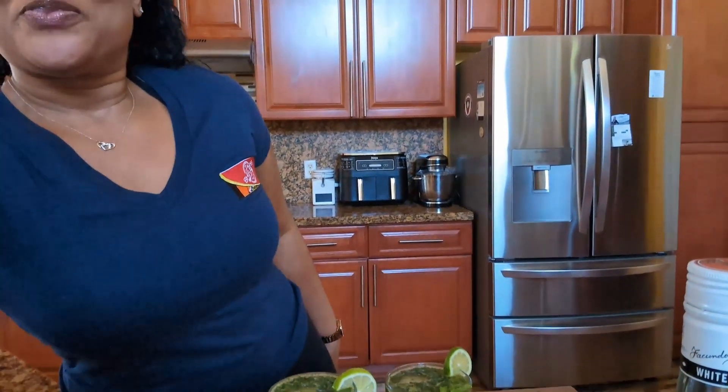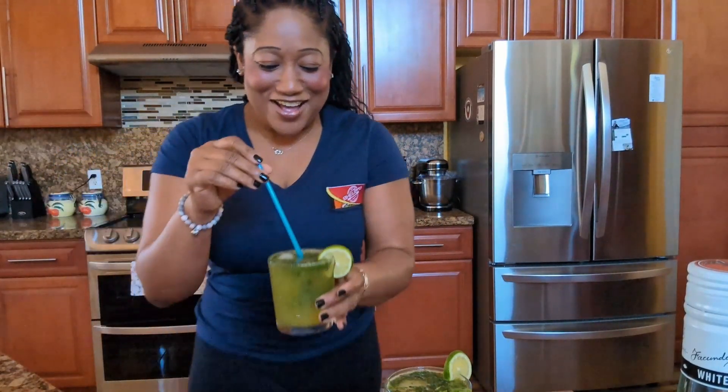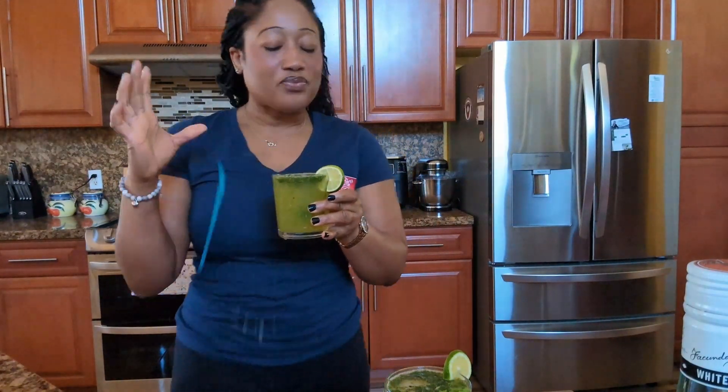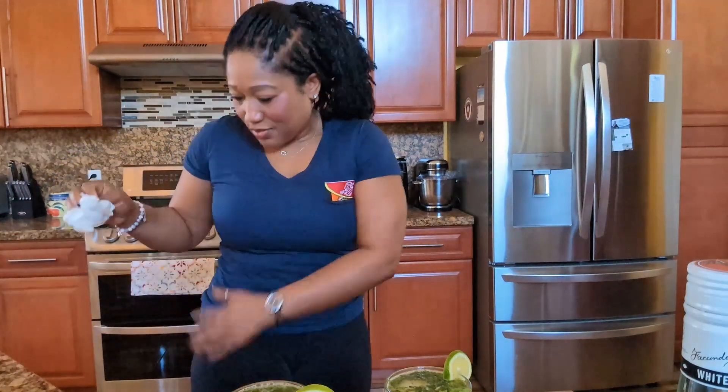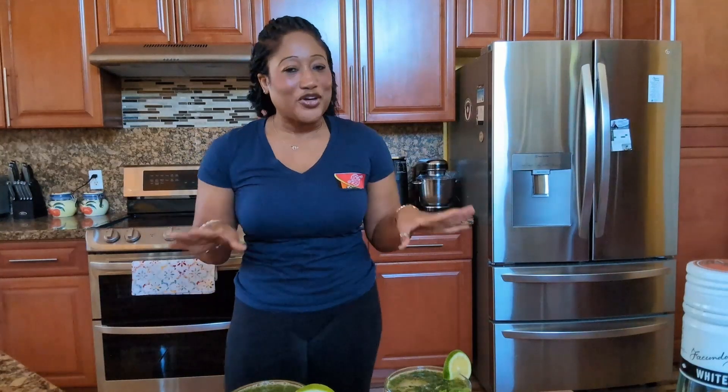Okay guys, you see that? If you guys like this video, don't forget to subscribe and share with your family and friends. Remember: comment, share, and like — please guys, always do that whenever I post a video, because it takes a lot of time to come up with something for you guys. Make sure you share and let your family know. I'm going to grab one and sit down and enjoy it. I'll see you guys next time, bye!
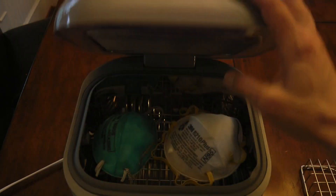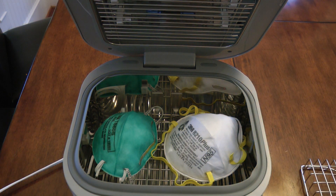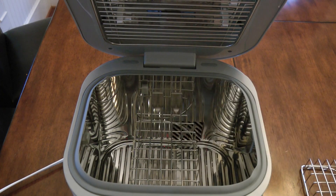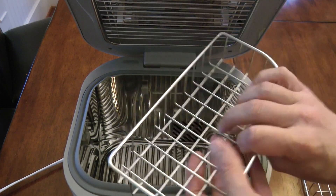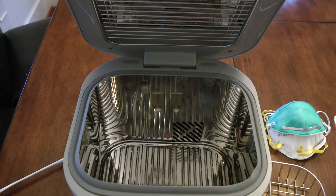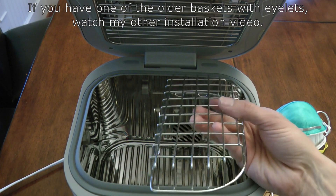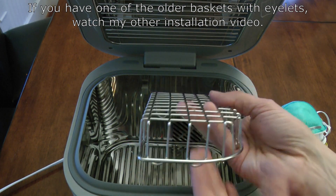So to use it for this purpose, you notice when I open it, it automatically turns itself off — it's got a safety mechanism, which I really like. But to use it for this purpose, you have to create this little shelf in here. It's very nice that the unit actually ships with this nice metal basket. I did a video previously where I showed how to install this basket into the unit and showed where all the hooks went.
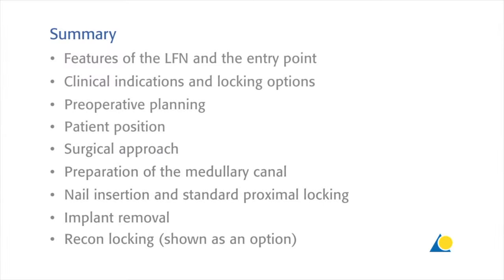This presentation has shown the features of the LFN and the correct entry point, the clinical indications and locking options, the pre-operative planning, the patient position, the surgical approach, the preparation of the medullary canal, the nail insertion and standard proximal locking, and implant removal. Recon locking has also been shown as an option.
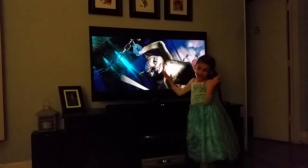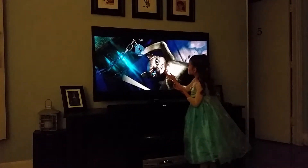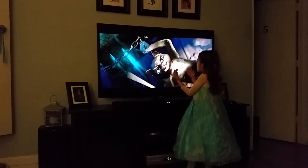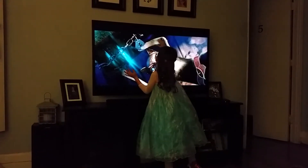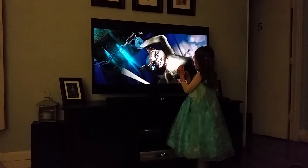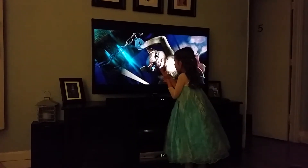They look good or bad. I think they look very bad. The expression on her mask is very great. And the way she's hitting is pretty good. I can tell she's been practicing for a while, very long.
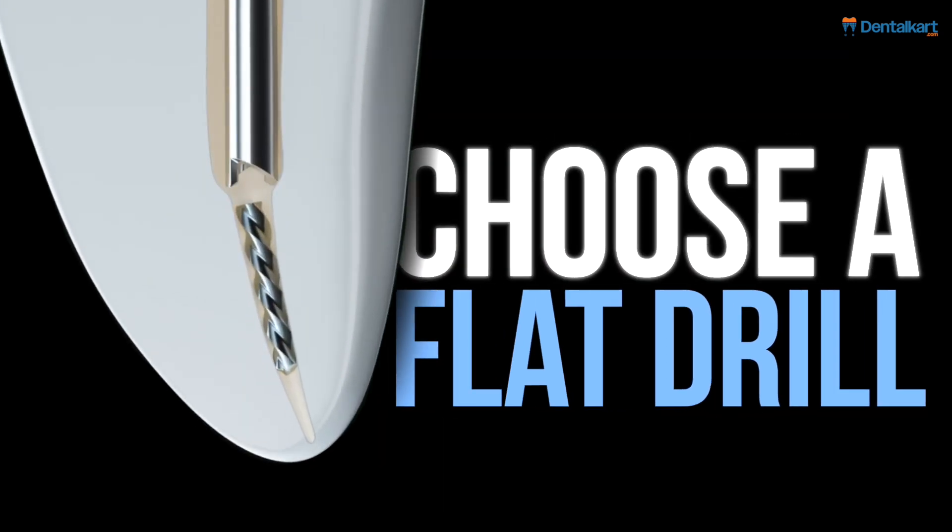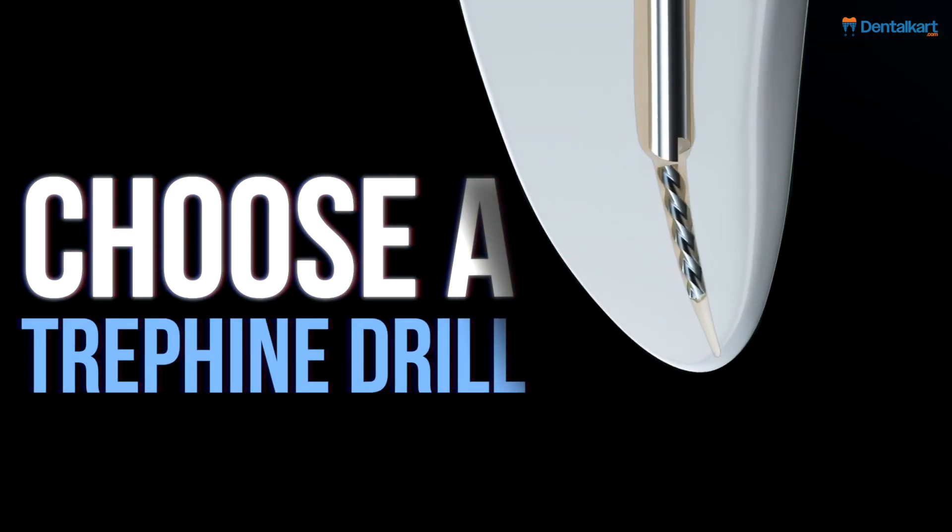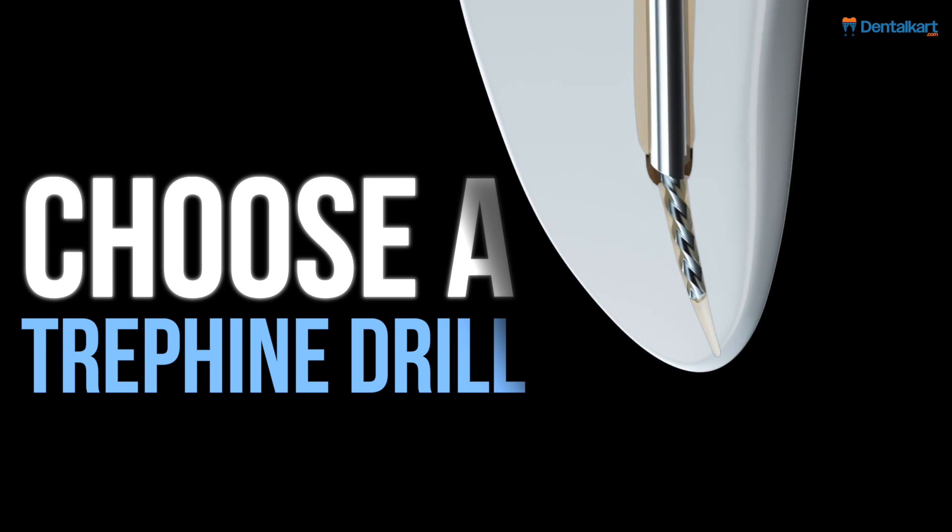Choose a flat drill to stage the coronal aspect of the broken file, rotating counterclockwise at 150 rpm. Then choose a trephine drill at 150 rpm to remove dentin around the broken file, exposing one to two mm while preserving tooth structure.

- - - - -

● What is needed
All lines from the start of the entries above through the line containing "This presentation has" are to be given again exactly; the pictures are not.

● Exercise output
Okay guys, you see that? If you guys like this video, don't forget to subscribe and share with your family and friends. Remember: comment, share, and like — please guys, always do that whenever I post a video, because it takes a lot of time to come up with something for you guys. Make sure you share and let your family know. I'm going to grab one and sit down and enjoy it. I'll see you guys next time, bye!
So to use it for this purpose, you notice when I open it, it automatically turns itself off — it's got a safety mechanism, which I really like. But to use it for this purpose, you have to create this little shelf in here. It's very nice that the unit actually ships with this nice metal basket. I did a video previously where I showed how to install this basket into the unit and showed where all the hooks went.
This presentation has shown the features of the LFN and the correct entry point, the clinical indications and locking options, the pre-operative planning, the patient position, the surgical approach, the preparation of the medullary canal, the nail insertion and standard proximal locking, and implant removal. Recon locking has also been shown as an option.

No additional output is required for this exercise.